Leon Panetta reveals nuke plan for South Korea
In a memoir published Tuesday titled “Worthy Fights: A Memoir of Leadership in War and Peace,” Leon Panetta writes that during an October 2011 trip to Seoul as the U.S. defense secretary, he had a Korea-U.S. security consultative meeting with then-Defense Minister Kim Kwan-jin (and current Blue House national security chief) to stress that the United States would provide “extended deterrence,” including its nuclear umbrella.
“If North Korea moved across the border, our war plans called for the senior American general on the peninsula to take command of all U.S. and South Korean forces and defend South Korea - including by the use of nuclear weapons, if necessary,” he wrote. “Our forces maintained a readiness posture that allowed them to ‘fight tonight.’ I left our meeting with the powerful sense that war in that region was neither hypothetical nor remote, but ever present and imminent.”
One of the biggest players in the Barack Obama administration, Panetta was the director of the CIA for two years before taking over the defense secretary job in July 2011. The retired secretary earlier last year issued a warning to the U.S. government that Pyongyang’s confrontational attitude was something to watch carefully, not dismiss, according to a report from CNBC.
The United States should be “very concerned” at the level of “provocation and bellicosity” coming from North Korea’s Kim Jong-un, as he leads his country into restarting its nuclear facilities, Panetta was quoted as saying.
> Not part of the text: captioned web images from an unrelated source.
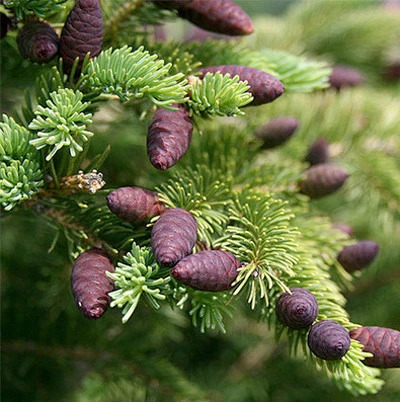 Black spruce oil (CAS N° 8008-80-8 // 91722-19-9)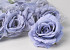 Rose D10cm Eisblau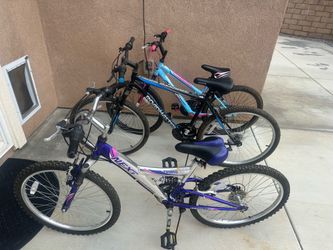 Adult size Bikes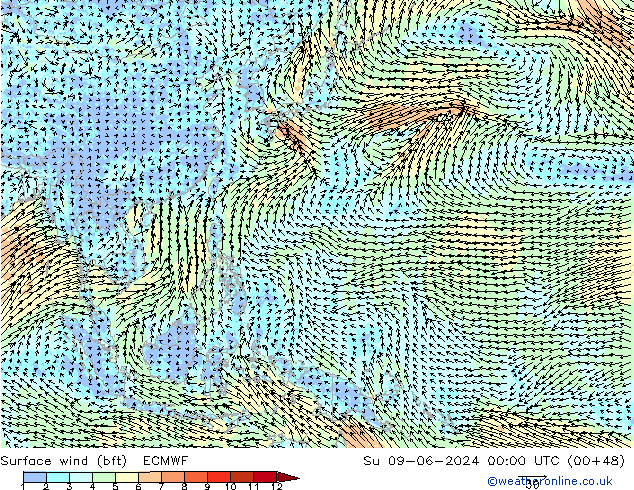 Viento 10 m (bft) ECMWF dom 09.06.2024 00 UTC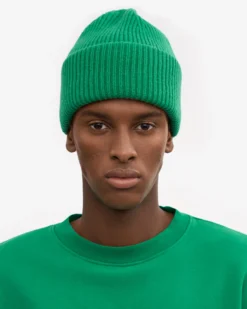 Merino Wool Hat - Kelly Green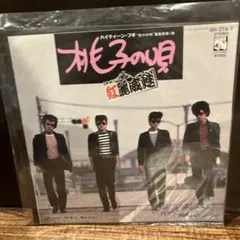 藤圭子 木の実会音頭 非売品 7インチ レコード 田中角栄 木村武雄 自主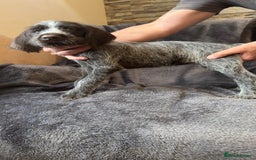 German Wirehaired Pointer dogs for sale: GWP Pups for sale field bloodlines land waterfowl  in Preston - Image 19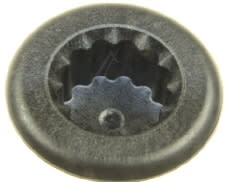 Allenatore donna image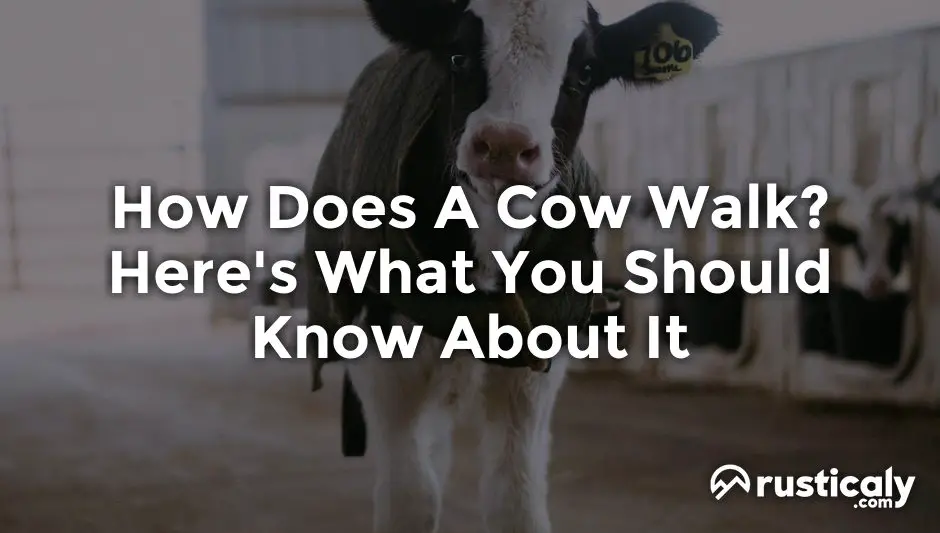 how does a cow walk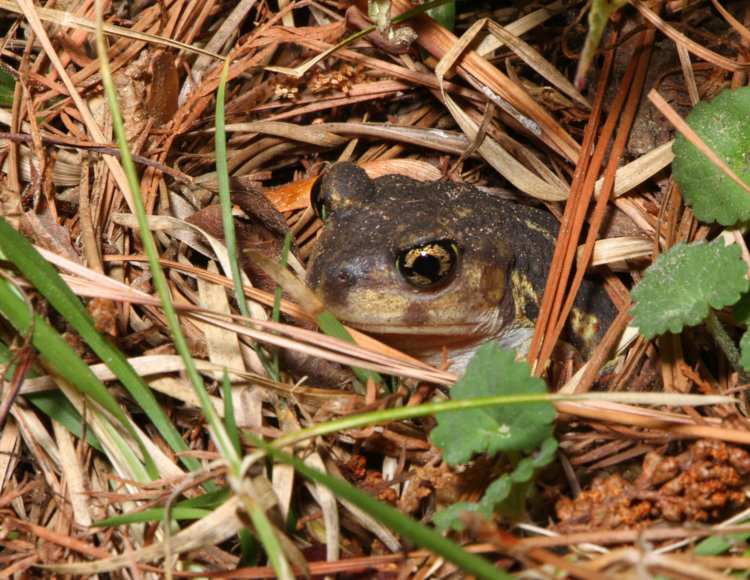 first eastern spadefoot Scaphiopus holbrookii spotted on property in 2026
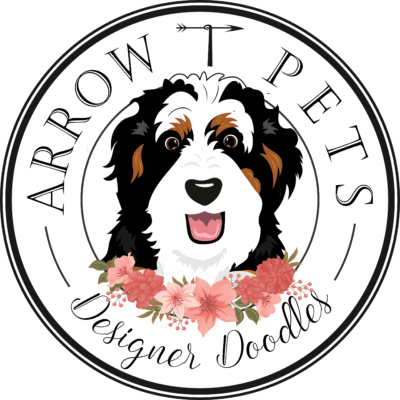 Arrow T Pets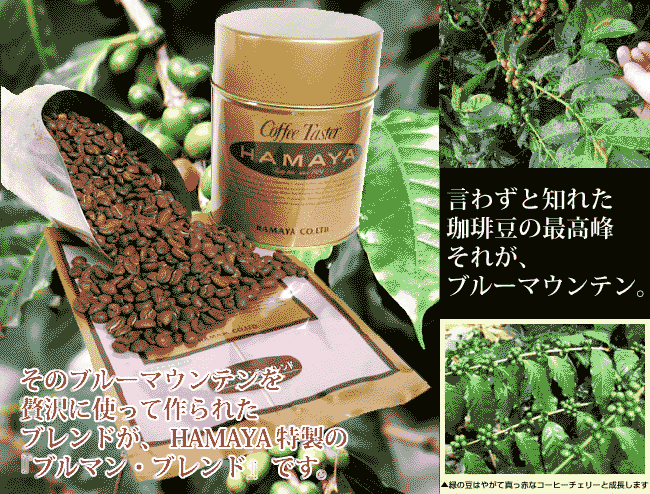 ブルーマウンテン ブレンド マイルドテイスト 50g インスタント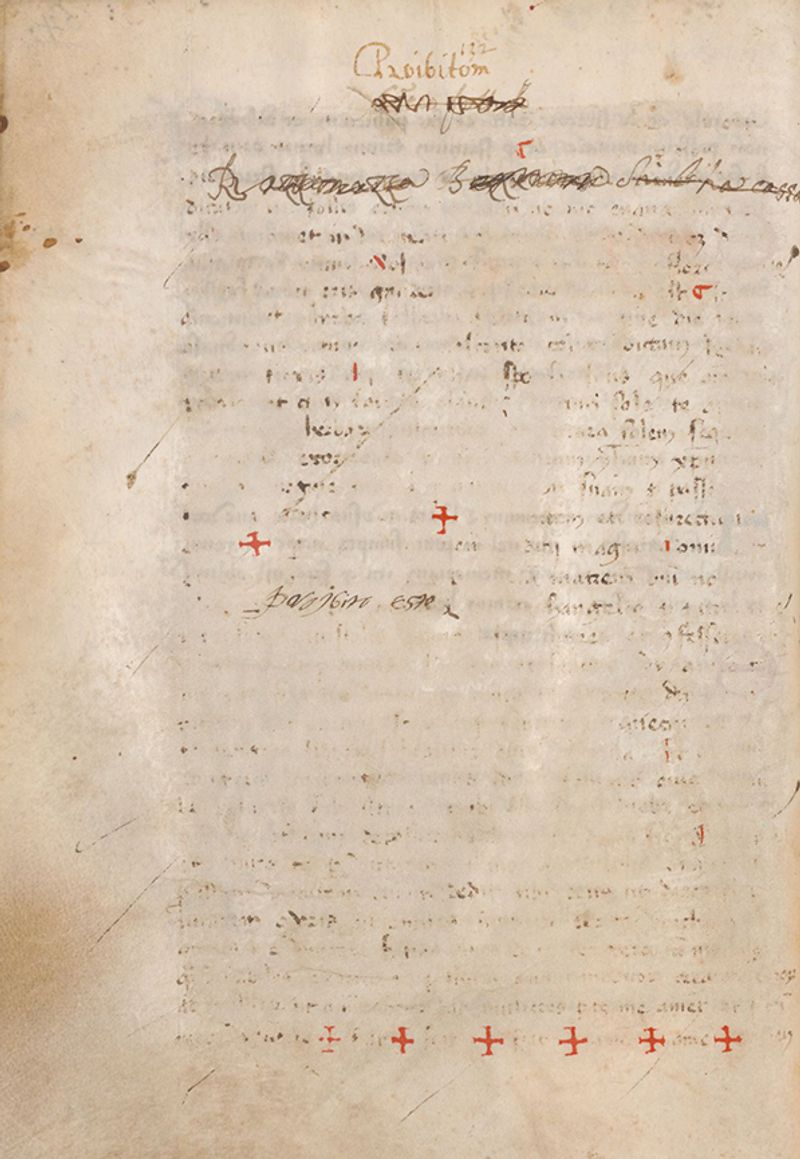 © Alice Dicembrino - Censored page from the manuscript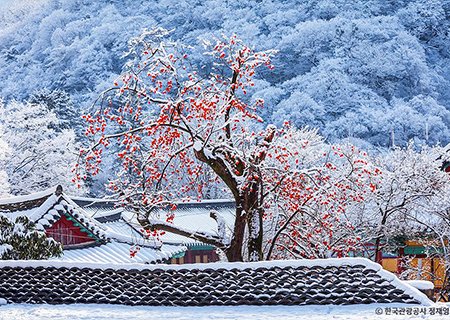 [전남] 리무진버스 - 겨울 최고의 No.1 명소 내장산 환상 눈꽃 설경(산채한정식 1인 32,000원 제공) 당일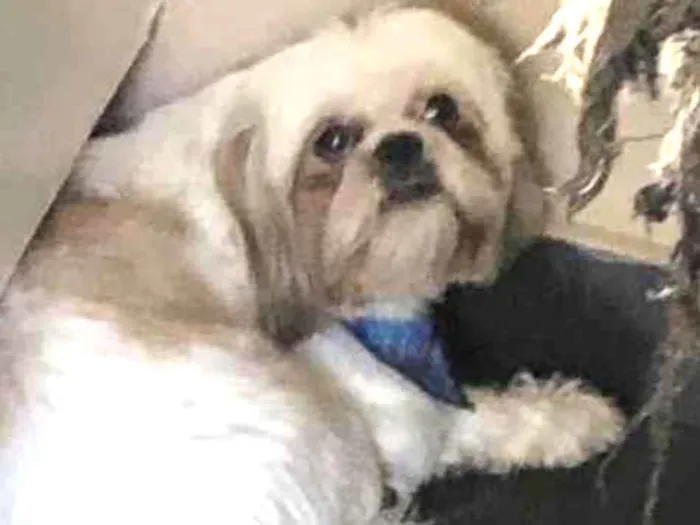 Cachorro ra a Shihtzu idade 5 anos nome Zeus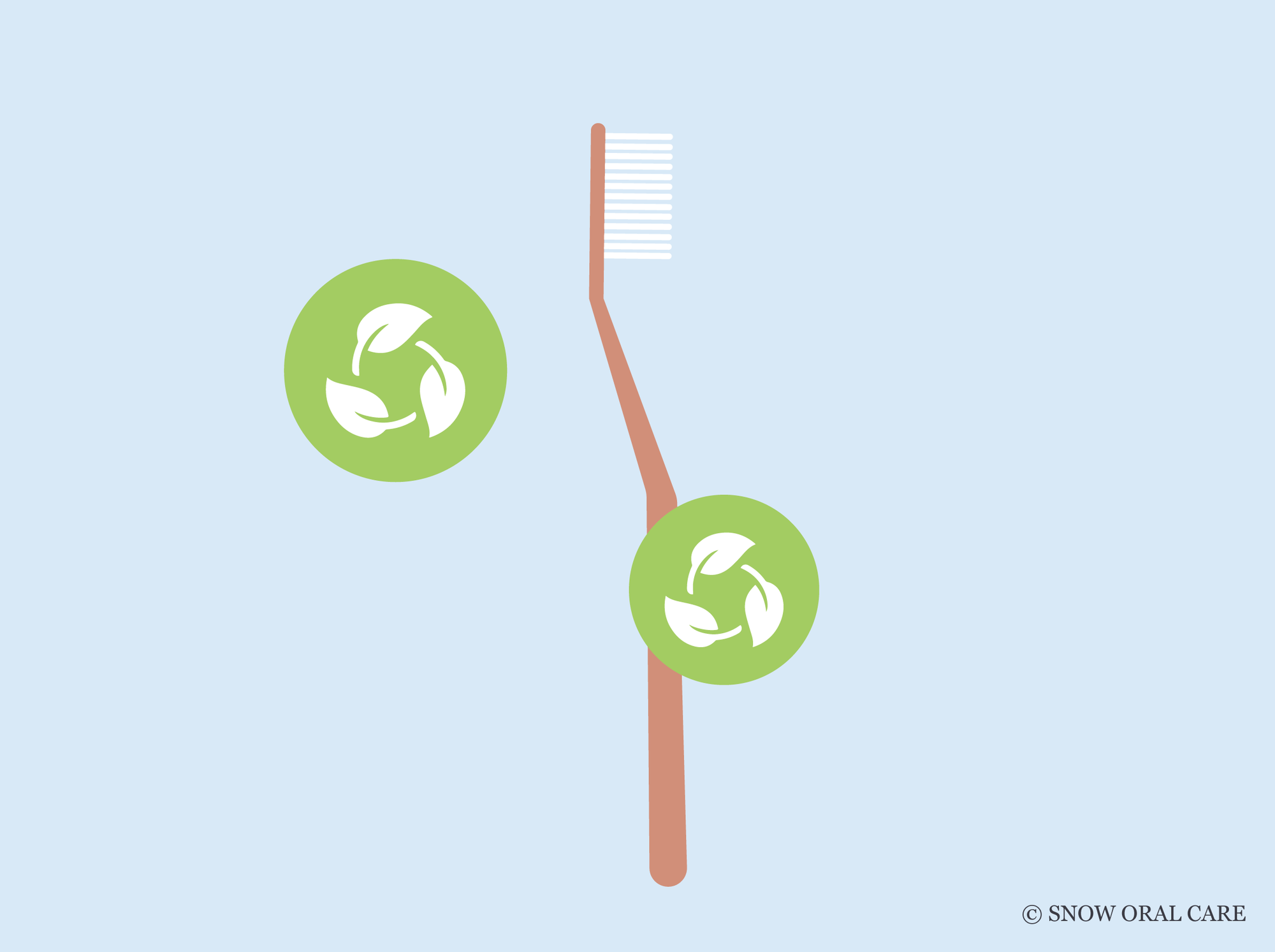 are bamboo toothbrushes good for the environment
The United States, South Korea and Japan need to be “very firm in sending them a message that we are going to do everything necessary to defend our security and defend our troops,” and to pay attention to the risks of a North Korean “miscalculation,” he also said.
In the memoir, Panetta recalls a trip on an American Black Hawk helicopter to the demilitarized zone after a meeting with then-South Korean President Lee.
He noted that the conflict between South and North Korea was halted by a truce but no peace treaty had ever been finalized, so the armistice could fail at any time as both sides keep a wary watch on each other in Panmunjom.